The Los Angeles Public Bank will prioritize the long-term prosperity of LA communities by funding initiatives that support local economic development, such as affordable housing, green energy infrastructure, conservation measures, and co-ops. By partnering with local financial institutions, the bank will be able to offer loans for economic development, public works financing, and job creation. Small and medium-sized businesses are vital to California’s economy, and the Los Angeles Public Bank can support them by acting as a sole originator or convening loan participations with community banks, credit unions, and community development financial institutions (CDFIs). This will help to keep money within the local economy and build wealth within the community.

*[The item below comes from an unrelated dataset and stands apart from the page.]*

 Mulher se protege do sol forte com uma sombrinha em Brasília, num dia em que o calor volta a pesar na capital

Some examples of the types of local projects that the Los Angeles Public Bank could fund include:
• Affordable and supportive housing and neighborhood stabilization efforts by extending credit lines through the public bank’s loan portfolio. In partnership with local lenders, a public bank can lower the cost of financing housing developments because it won’t be bound by the need to maximize profit margins. By centralizing financing and merging multiple funding sources at reduced costs, a public bank can expedite affordable housing projects in LA, helping address the City’s housing crisis cost-effectively.

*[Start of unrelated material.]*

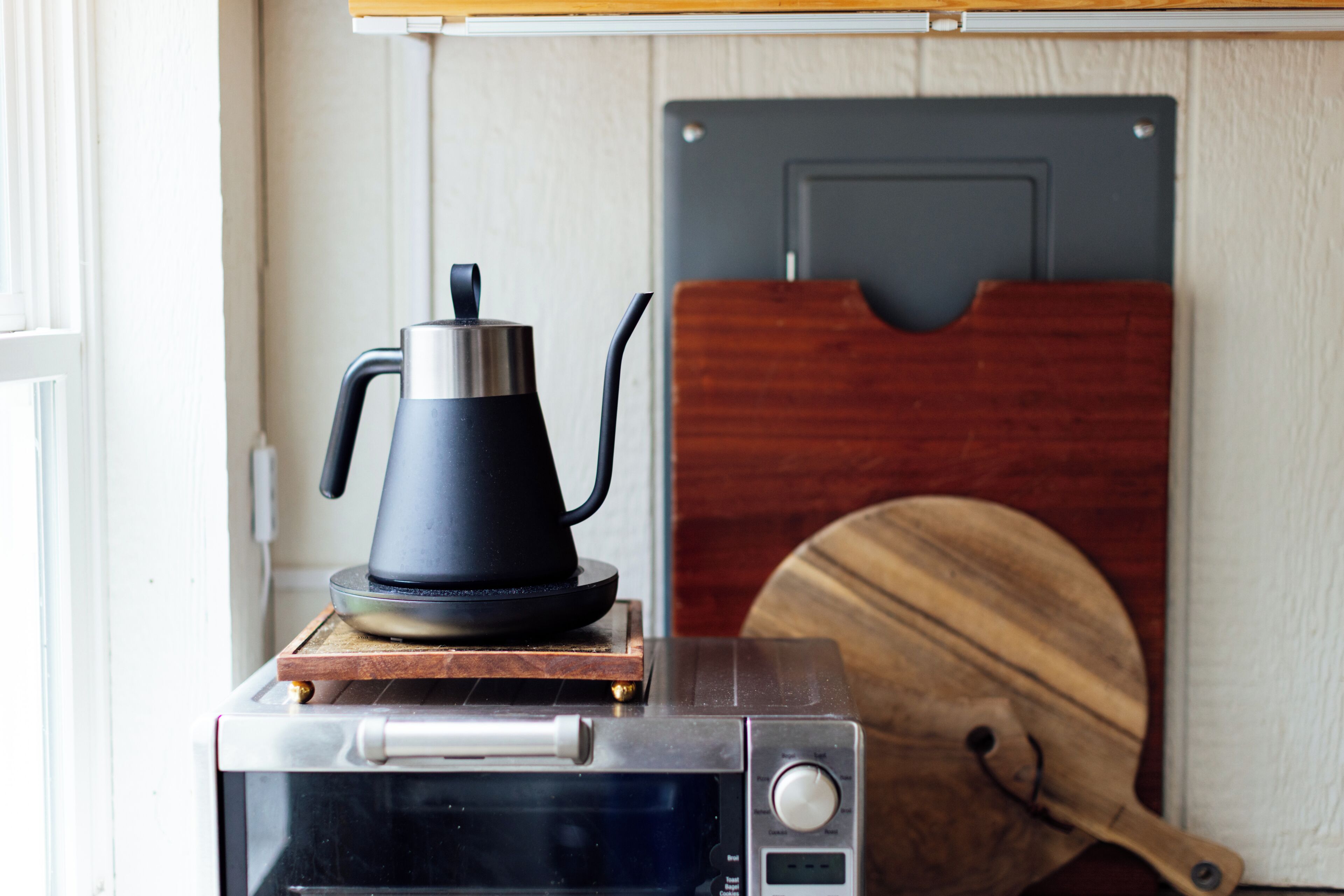 A microwave with a kettle on top, a wooden cutting board, and a door in the background.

• Working with local financial institutions, public banks will provide access to capital, helping them to develop and scale their operations. The public bank can incorporate racial equity mandates, prioritizing investments in historically marginalized communities.

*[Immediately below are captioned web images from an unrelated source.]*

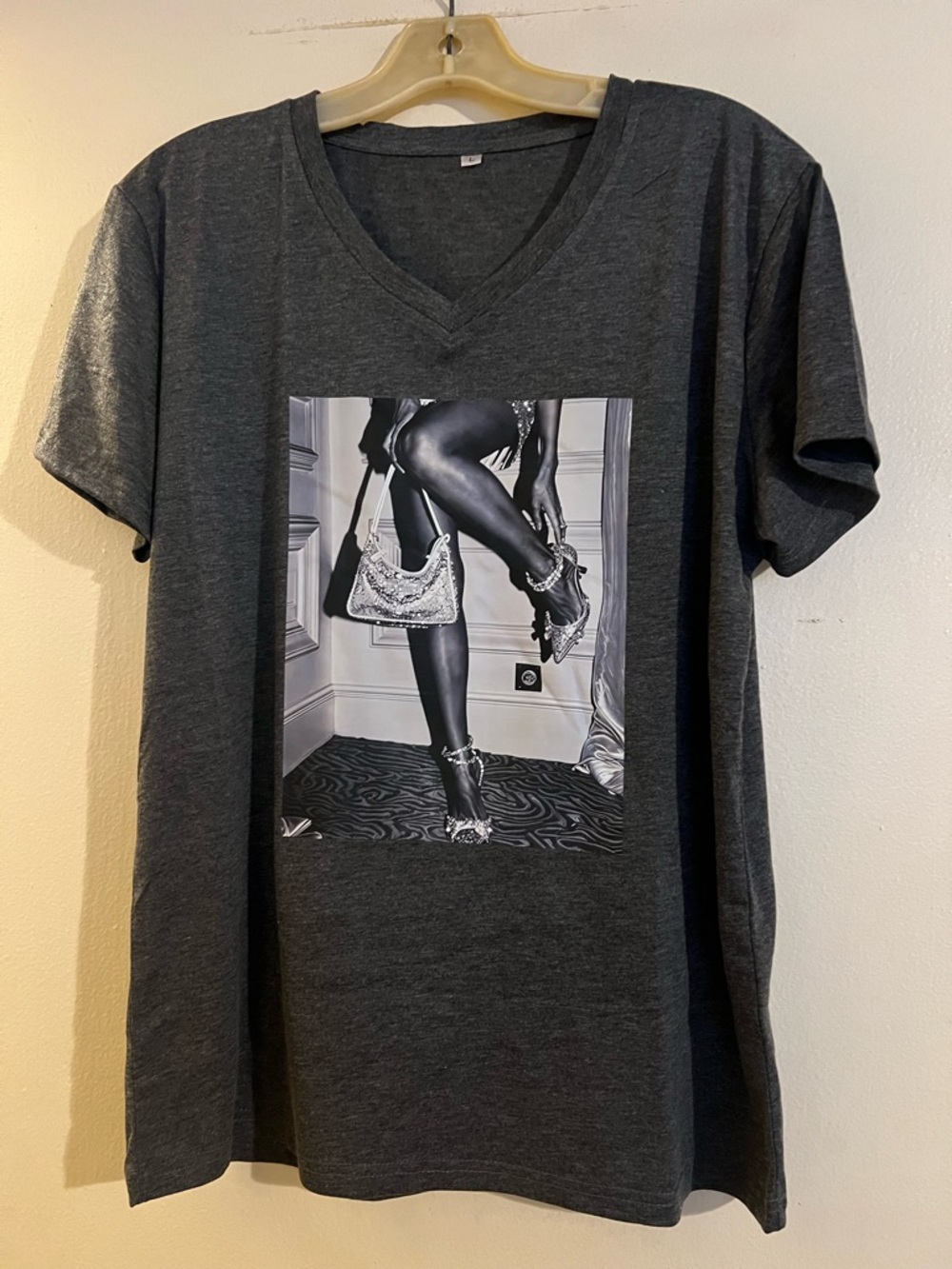 Grey T-Shirt w/vinyl print.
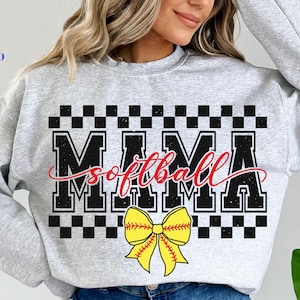 May include: Gray sweatshirt with a black and white checkered pattern and the text "Mama Softball" in black with a yellow and red bow.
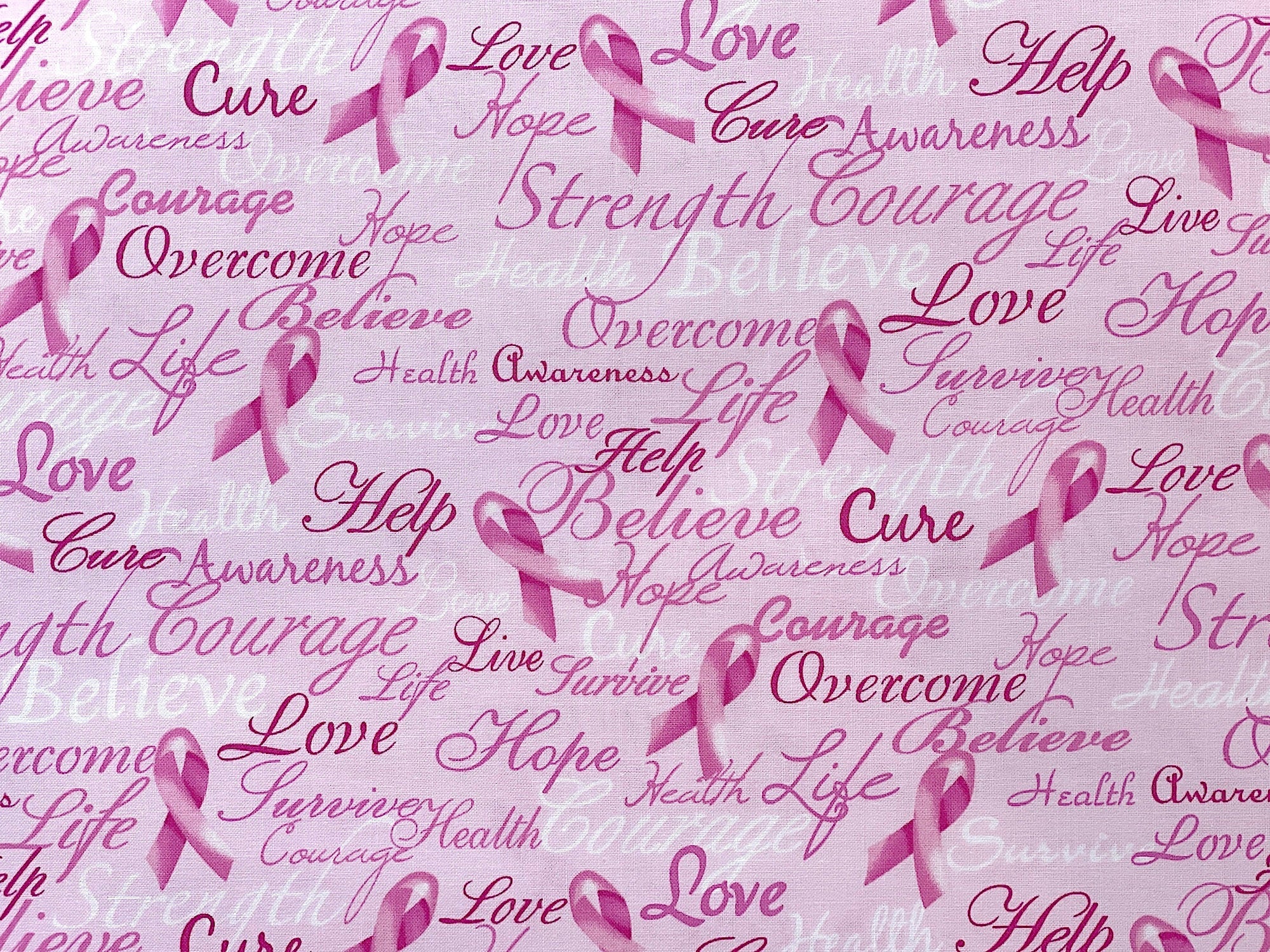 Close up of sayings such as overcome, life, love, help, cure, awareness and more.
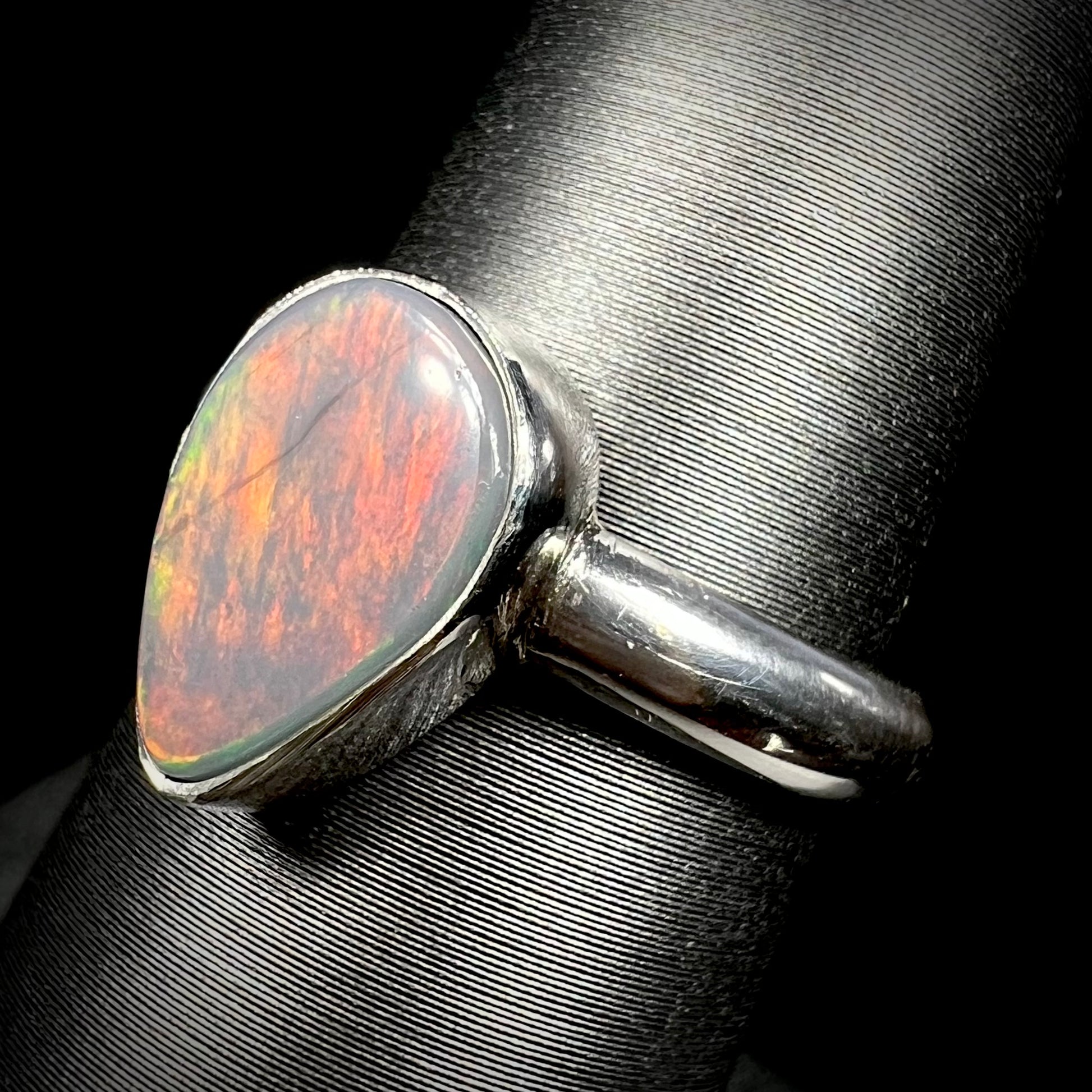 Angled close-up of a natural dark opal ring in sterling silver with highly reddish, orange, and green flashes of color, shown on a ring display.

• Public banks promote economic development by lending to small businesses, affordable housing, and infrastructure projects, without the need for costly bonds. Profits are reinvested in the community, reducing dependence on large commercial banks and allocating funds for LA priorities. Loan repayments return to the City instead of private shareholders, ensuring benefits support local growth and community well-being.
• The transition towards decarbonization and renewable energy. The German Sparkassen/KfW public banking networks have funded over 70% of the country’s investment in renewable energy infrastructure. Renewables are now Germany’s largest source of energy, with one-third of the nation’s electricity coming from wind and solar.
• Enterprises that alleviate wealth inequality by making capital available to those that corporate banks exclude, such as Black and Brown households and businesses, women-owned businesses, single-parent households, worker cooperatives, and non-traditional forms of home ownership.
• Low-interest or interest-free loans for students to invest in education and stimulate the economy.
The municipal public banking movement calls for the creation of banks that are chartered with social and environmental responsibility as a core mandate. To ensure that these banks operate in a transparent and ethical manner, the boards of directors will be held to high standards of transparency and integrity. The lending activities of the Los Angeles Public Bank will be subject to strict mandates that require the board and staff to adhere to the bank’s founding principles and fulfill its public policy goals. This will ensure that the bank operates sustainably and ethically, and serves the best interests of the community.
Cities often pay high fees to corporate banks for their services. For example, the City of Los Angeles pays over $1 billion annually in debt servicing, which goes to Wall Street banks that often invest in distant places and harmful initiatives such as fossil fuel production. A Los Angeles municipal bank would allow city residents to reclaim public dollars by keeping the money in our communities and having a say in which projects are financed. Public banks prioritize the public good within the community rather than maximizing profits for a small group of investors. Public bank revenue and profits are returned to the public, increasing the bank’s lending capacity and benefiting the local economy.